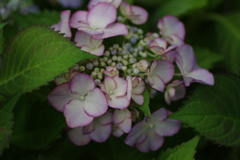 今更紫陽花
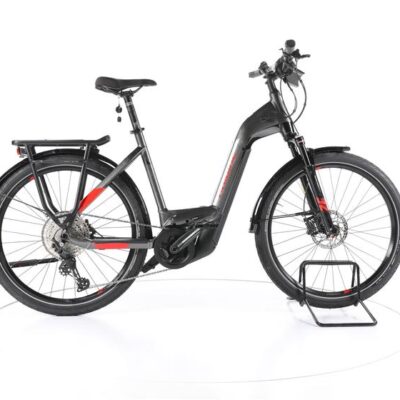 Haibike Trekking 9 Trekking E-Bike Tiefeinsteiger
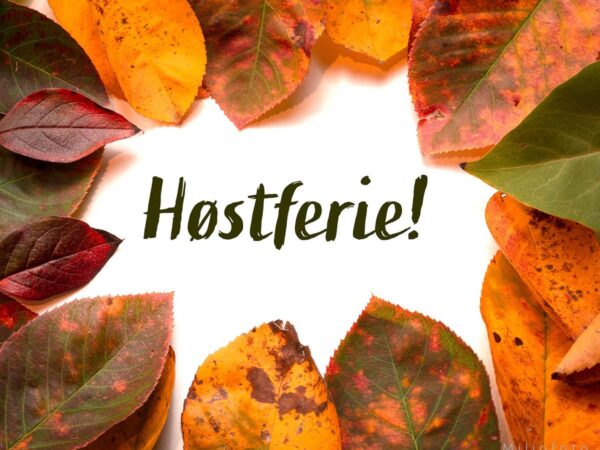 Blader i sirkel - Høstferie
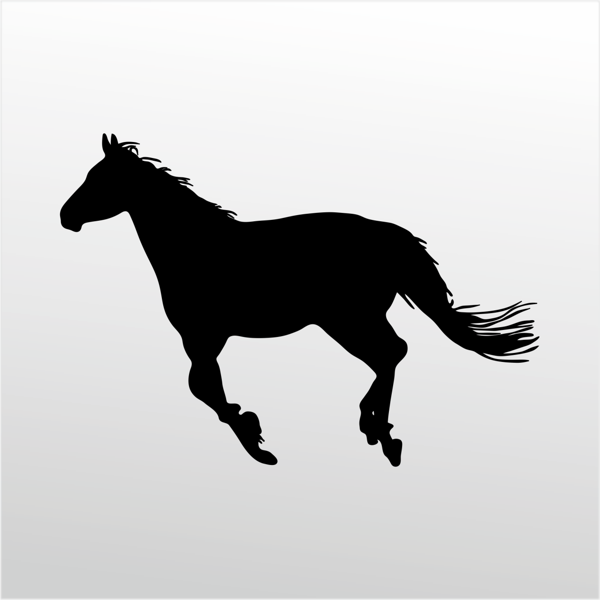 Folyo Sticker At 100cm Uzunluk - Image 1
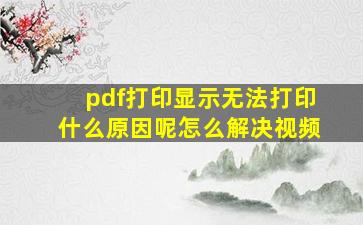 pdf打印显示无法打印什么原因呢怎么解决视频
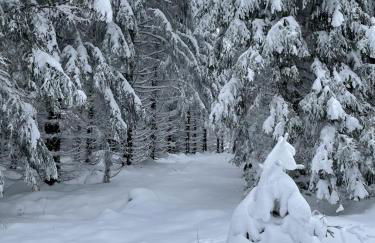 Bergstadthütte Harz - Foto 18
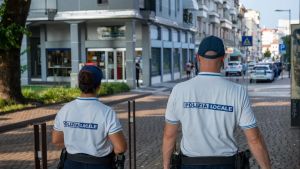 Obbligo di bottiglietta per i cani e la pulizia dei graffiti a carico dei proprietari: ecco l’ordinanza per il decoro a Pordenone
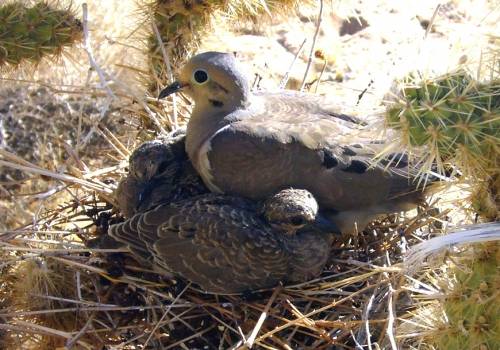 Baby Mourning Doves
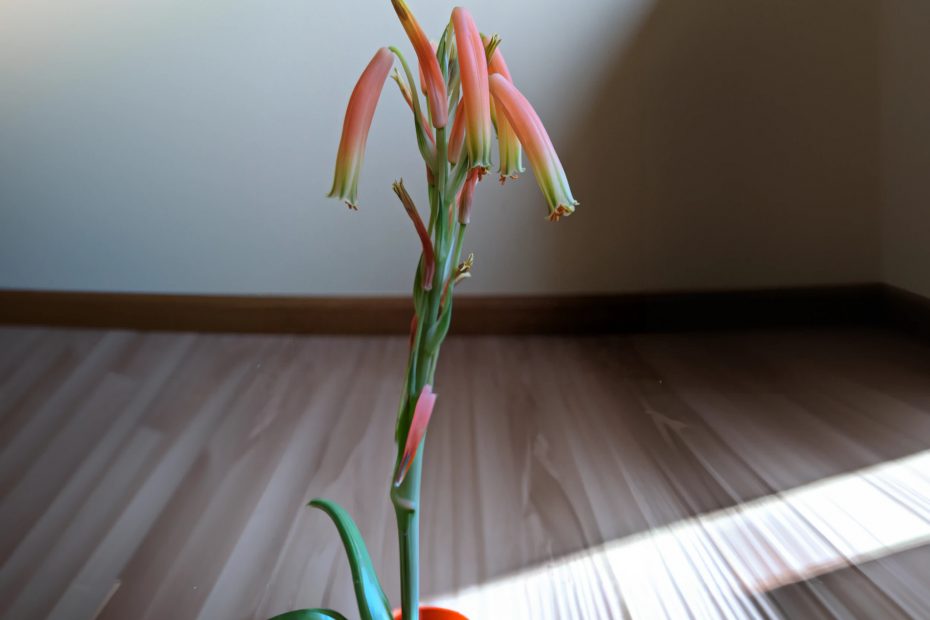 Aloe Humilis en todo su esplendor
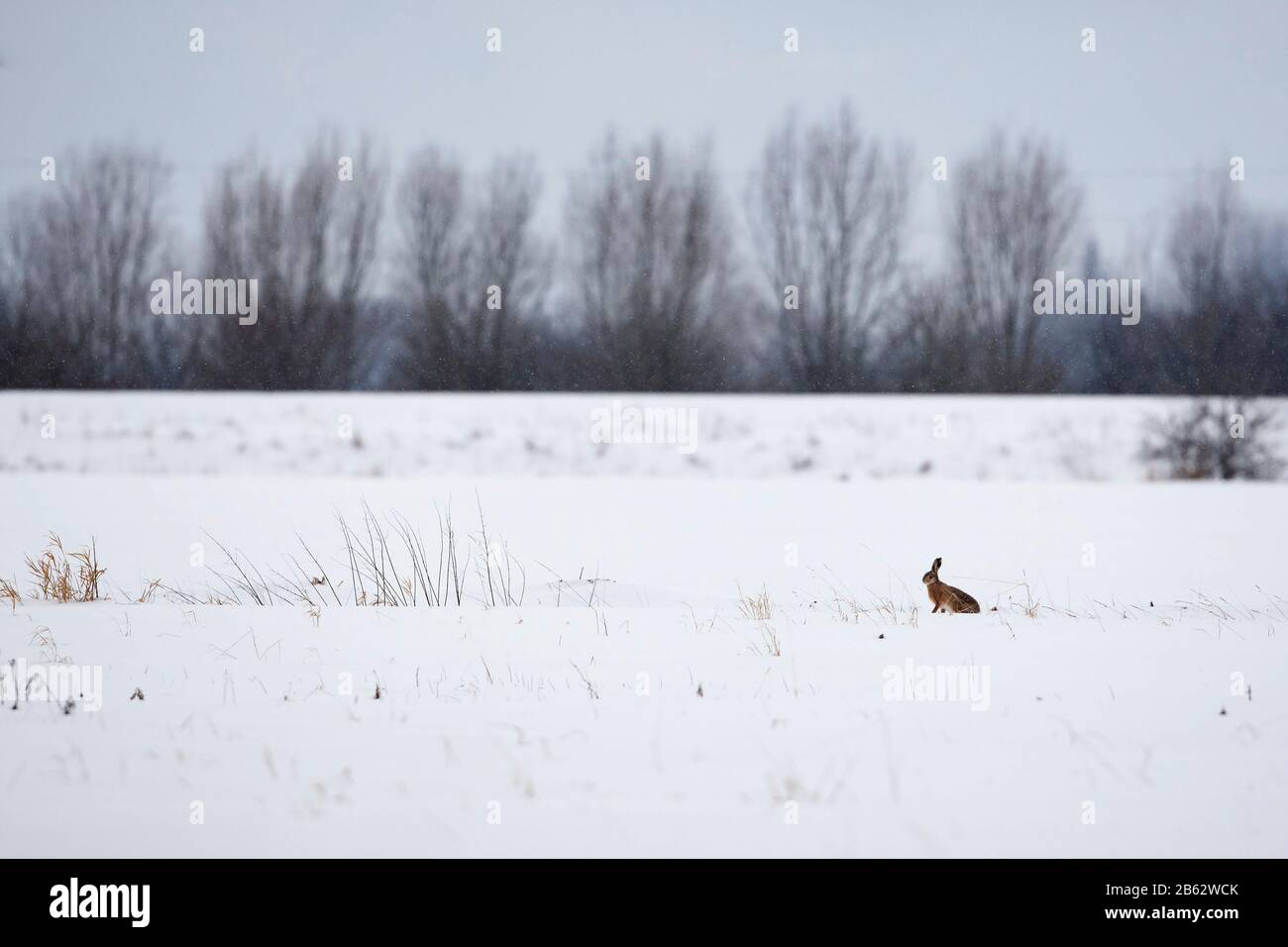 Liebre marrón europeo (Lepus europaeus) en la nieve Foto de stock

Assigned task → The records must be restated word for word, apart from any images.

Expected answer →
 今更紫陽花
 Haibike Trekking 9 Trekking E-Bike Tiefeinsteiger
 Blader i sirkel - Høstferie
 Folyo Sticker At 100cm Uzunluk - Image 1
 pdf打印显示无法打印什么原因呢怎么解决视频
 Bergstadthütte Harz - Foto 18
 Obbligo di bottiglietta per i cani e la pulizia dei graffiti a carico dei proprietari: ecco l’ordinanza per il decoro a Pordenone
 Baby Mourning Doves
 Aloe Humilis en todo su esplendor
 Liebre marrón europeo (Lepus europaeus) en la nieve Foto de stock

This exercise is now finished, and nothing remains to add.